TASK DATA START

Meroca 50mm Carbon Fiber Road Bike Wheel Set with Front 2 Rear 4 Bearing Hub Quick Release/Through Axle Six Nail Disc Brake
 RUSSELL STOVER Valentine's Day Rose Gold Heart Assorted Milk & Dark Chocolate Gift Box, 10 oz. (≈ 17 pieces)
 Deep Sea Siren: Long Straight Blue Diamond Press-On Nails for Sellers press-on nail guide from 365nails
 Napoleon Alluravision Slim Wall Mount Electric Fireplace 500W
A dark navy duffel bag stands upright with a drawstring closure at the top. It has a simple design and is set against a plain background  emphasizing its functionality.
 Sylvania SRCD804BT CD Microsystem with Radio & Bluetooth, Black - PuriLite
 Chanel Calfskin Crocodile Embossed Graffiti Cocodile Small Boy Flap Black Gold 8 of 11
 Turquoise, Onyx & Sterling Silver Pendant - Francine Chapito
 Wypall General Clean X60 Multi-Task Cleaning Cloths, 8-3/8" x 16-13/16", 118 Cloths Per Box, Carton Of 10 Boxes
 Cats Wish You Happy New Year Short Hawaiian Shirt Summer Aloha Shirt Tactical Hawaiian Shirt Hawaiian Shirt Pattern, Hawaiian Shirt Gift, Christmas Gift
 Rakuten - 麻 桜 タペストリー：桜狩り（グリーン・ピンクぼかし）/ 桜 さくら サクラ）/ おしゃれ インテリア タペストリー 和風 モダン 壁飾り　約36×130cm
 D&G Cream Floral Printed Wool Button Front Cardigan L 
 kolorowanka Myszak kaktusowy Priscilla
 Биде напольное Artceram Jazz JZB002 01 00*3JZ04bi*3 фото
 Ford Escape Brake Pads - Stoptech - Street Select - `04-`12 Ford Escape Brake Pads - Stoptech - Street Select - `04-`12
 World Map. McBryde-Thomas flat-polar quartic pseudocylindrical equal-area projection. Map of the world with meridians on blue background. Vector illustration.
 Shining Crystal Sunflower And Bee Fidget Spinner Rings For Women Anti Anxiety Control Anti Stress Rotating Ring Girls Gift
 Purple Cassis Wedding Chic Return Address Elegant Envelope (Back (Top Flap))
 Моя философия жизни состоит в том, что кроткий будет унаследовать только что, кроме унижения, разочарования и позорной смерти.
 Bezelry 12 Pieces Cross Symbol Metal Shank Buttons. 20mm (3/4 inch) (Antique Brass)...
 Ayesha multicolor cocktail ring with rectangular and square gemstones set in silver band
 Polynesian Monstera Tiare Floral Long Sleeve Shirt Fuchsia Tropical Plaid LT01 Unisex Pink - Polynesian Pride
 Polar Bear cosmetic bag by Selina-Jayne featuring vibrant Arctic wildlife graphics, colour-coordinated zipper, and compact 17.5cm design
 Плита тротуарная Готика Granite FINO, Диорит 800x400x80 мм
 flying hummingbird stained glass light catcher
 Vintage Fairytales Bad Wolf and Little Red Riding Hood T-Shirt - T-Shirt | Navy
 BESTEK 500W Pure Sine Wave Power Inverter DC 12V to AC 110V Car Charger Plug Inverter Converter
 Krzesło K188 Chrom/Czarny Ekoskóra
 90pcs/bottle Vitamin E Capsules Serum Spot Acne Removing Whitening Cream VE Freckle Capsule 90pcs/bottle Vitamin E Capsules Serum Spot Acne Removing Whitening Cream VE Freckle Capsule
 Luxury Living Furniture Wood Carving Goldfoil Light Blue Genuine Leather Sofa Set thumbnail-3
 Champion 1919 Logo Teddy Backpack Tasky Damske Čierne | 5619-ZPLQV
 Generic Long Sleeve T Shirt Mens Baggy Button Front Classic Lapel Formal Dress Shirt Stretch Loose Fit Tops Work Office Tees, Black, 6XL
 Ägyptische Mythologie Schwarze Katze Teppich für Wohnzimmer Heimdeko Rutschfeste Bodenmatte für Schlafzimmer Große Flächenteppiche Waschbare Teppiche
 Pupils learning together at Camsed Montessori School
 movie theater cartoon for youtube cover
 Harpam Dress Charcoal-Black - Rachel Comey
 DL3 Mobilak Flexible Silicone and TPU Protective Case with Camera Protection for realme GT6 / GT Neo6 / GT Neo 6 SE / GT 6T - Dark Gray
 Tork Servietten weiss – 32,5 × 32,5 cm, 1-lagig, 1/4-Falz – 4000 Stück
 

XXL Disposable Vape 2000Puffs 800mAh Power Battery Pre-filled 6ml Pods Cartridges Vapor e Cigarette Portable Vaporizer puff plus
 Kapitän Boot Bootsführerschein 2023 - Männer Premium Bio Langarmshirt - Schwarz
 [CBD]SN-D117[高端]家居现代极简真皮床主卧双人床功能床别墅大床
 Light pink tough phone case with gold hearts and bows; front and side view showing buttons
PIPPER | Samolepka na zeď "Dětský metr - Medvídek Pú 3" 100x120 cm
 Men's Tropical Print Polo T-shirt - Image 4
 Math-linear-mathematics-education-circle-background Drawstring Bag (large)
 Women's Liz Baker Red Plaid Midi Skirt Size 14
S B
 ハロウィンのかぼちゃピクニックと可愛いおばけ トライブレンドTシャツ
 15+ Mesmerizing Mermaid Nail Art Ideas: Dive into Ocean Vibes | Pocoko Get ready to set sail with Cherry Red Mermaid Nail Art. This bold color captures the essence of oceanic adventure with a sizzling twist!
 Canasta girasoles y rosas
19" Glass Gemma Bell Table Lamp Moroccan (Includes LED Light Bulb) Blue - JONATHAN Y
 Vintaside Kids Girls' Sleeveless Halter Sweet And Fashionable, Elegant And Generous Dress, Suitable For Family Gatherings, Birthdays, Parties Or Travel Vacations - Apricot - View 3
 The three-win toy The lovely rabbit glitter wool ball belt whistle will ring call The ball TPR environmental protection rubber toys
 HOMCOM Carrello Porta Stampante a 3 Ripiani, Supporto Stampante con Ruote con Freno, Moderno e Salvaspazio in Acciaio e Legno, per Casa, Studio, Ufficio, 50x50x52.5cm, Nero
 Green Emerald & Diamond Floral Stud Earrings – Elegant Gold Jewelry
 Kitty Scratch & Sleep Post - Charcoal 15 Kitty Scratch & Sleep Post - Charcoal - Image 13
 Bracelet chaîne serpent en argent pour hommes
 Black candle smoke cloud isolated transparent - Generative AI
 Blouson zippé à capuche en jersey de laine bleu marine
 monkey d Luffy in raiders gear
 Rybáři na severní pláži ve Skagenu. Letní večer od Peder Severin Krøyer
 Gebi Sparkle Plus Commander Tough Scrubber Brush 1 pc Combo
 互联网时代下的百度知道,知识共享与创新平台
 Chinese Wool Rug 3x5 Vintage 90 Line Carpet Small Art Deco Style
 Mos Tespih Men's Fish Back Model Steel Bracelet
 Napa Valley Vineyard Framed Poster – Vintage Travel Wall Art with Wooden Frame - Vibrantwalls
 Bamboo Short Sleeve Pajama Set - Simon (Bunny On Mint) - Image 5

TASK DATA END

WORK REQUIRED -
Please reproduce exactly the lines in the listing above from the one containing "XXL Disposable Vape" through the one containing "Men's Tropical Print Polo T-shirt - Image 4", both included, and nothing more.

WRITTEN SOLUTION -
XXL Disposable Vape 2000Puffs 800mAh Power Battery Pre-filled 6ml Pods Cartridges Vapor e Cigarette Portable Vaporizer puff plus
 Kapitän Boot Bootsführerschein 2023 - Männer Premium Bio Langarmshirt - Schwarz
 [CBD]SN-D117[高端]家居现代极简真皮床主卧双人床功能床别墅大床
 Light pink tough phone case with gold hearts and bows; front and side view showing buttons
PIPPER | Samolepka na zeď "Dětský metr - Medvídek Pú 3" 100x120 cm
 Men's Tropical Print Polo T-shirt - Image 4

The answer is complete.